→ Work to complete
Include the line containing "Human IL-10 ELISA" and every line after it up to the end of the material below; reproduce them exactly and drop the pictures.

→ Task inputs
────
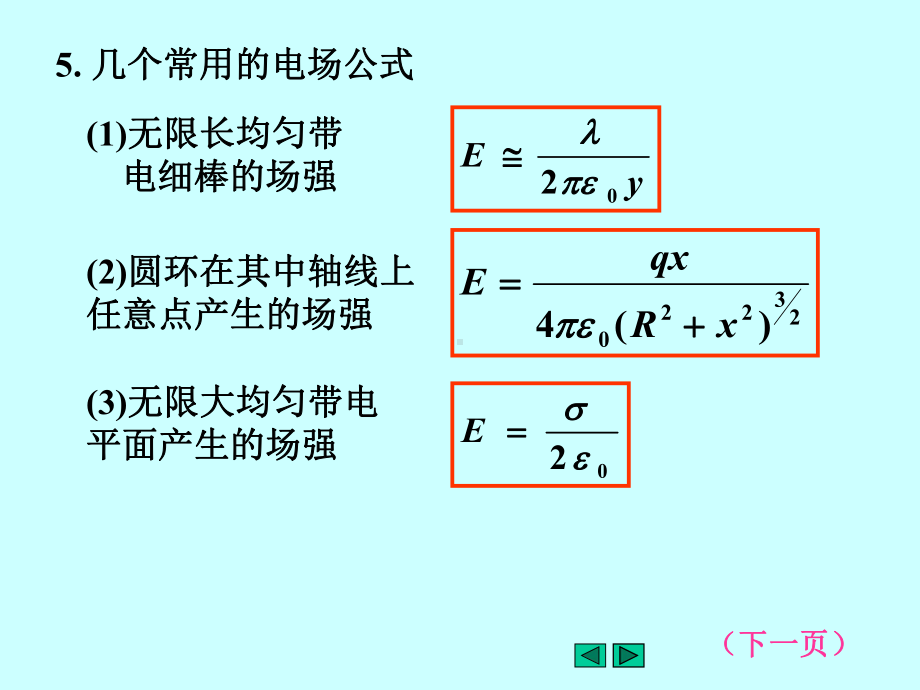 电通量、高斯定理PPT课件.ppt_第2页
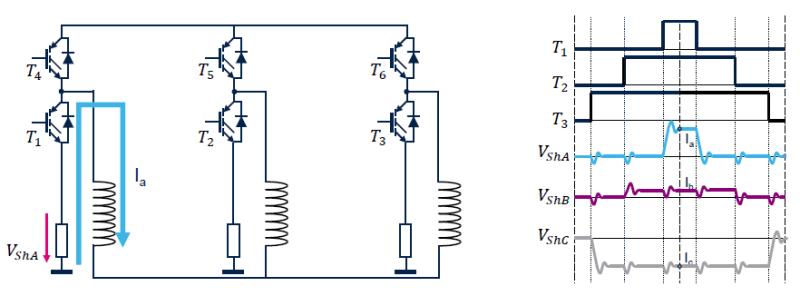 [Motor] Motor Control Basic with ST Motor Control SDK (BLDC) : 네이버 블로그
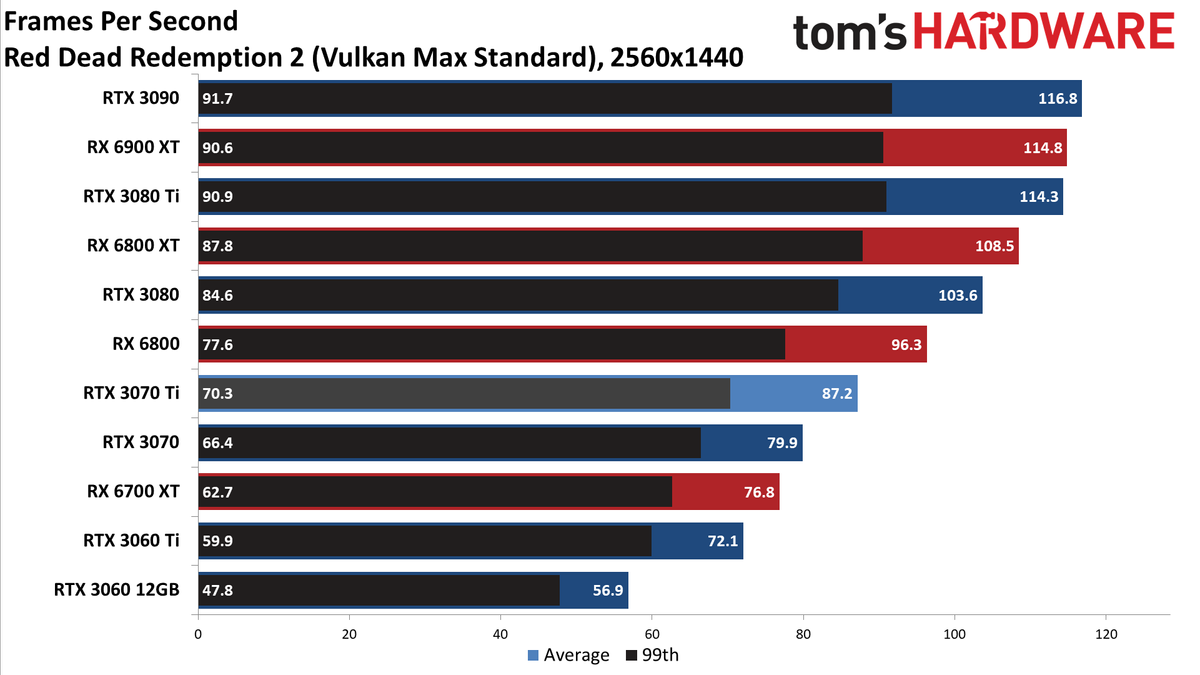 Nvidia GeForce RTX 3070 Ti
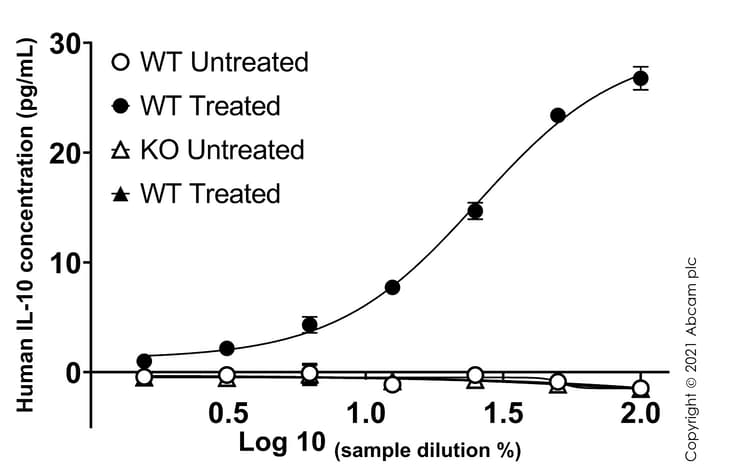 Human IL-10 ELISA Kit (Interleukin-10)(AB185986)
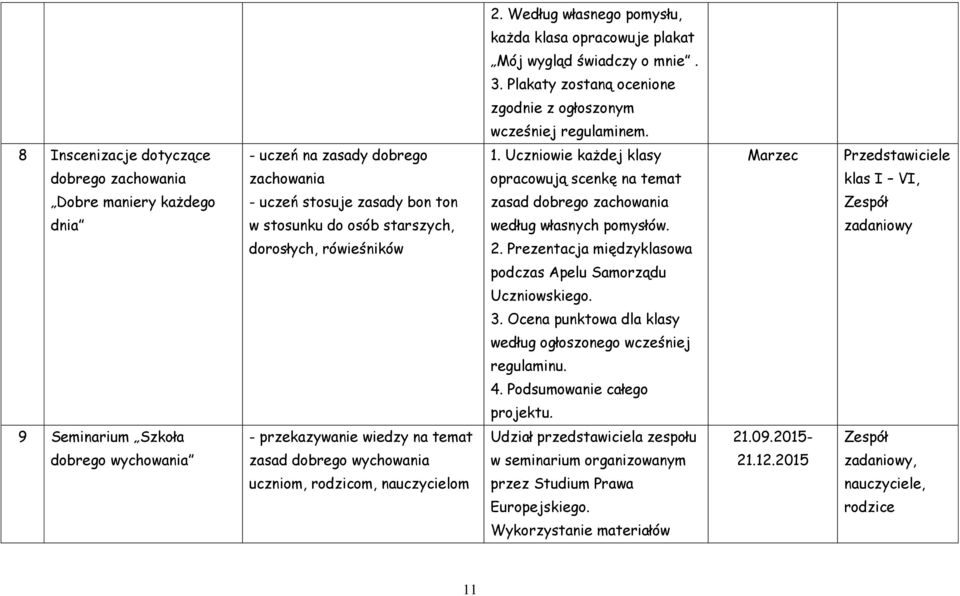 Uczniowie każdej klasy Marzec Przedstawiciele dobrego zachowania zachowania opracowują scenkę na temat klas I VI, Dobre maniery każdego - uczeń stosuje zasady bon ton zasad dobrego zachowania dnia w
────
→ Task solution
 Human IL-10 ELISA Kit (Interleukin-10)(AB185986)
 Uczniowie każdej klasy Marzec Przedstawiciele dobrego zachowania zachowania opracowują scenkę na temat klas I VI, Dobre maniery każdego - uczeń stosuje zasady bon ton zasad dobrego zachowania dnia w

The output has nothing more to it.